Saturday, June 21, 2008

Moving to "Shards"

This black bear at the Oregon Zoo can't roam too far, but in cyberspace we can move to another place in the blink of an eye. I'm moving these booknotes to "Shards." See you there!

Monday, April 21, 2008

Werewolves and Vampires, Oh Yeah!

I once read an Anne Rice novel, just to see what all the fuss was about. I didn't like it -- too steamy and suffocating. I know some teens like them, but i have only one in my school library. Teens may read anything they can get their hands on, but I'm selective in what I offer and encourage. And so I resisted the lure of
Stephenie Meyer's Twilight saga, though I did buy them for the school, since they were so popular and had gotten some acclaim in the press. But because we're a boys' school, I didn't know whether anyone would read them. But then this spring one voracious reader in the ninth grade checked out the first one, then the second.... and two more boys followed, and so I decided to jump in for a taste. And boy, was I hooked! Or should I say "bitten"? (Nah.)

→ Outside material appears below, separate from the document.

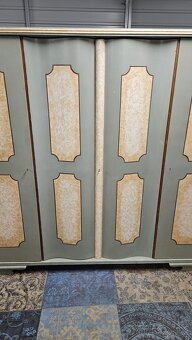 Šatní skříň masiv - 3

Because of the Pacific Northwest setting of dark conifers, fog and mist and the coast, I found the atmosphere much more to my liking than that of the steamy Rice world. Since I've been to the Oregon coast and fallen in love with it, I also loved traveling mentally up to the Olympic Peninsula and living in the tiny (but now very famous) logging town of Forks, Washington, and the ocean-bounded Quileute reservation just down the road.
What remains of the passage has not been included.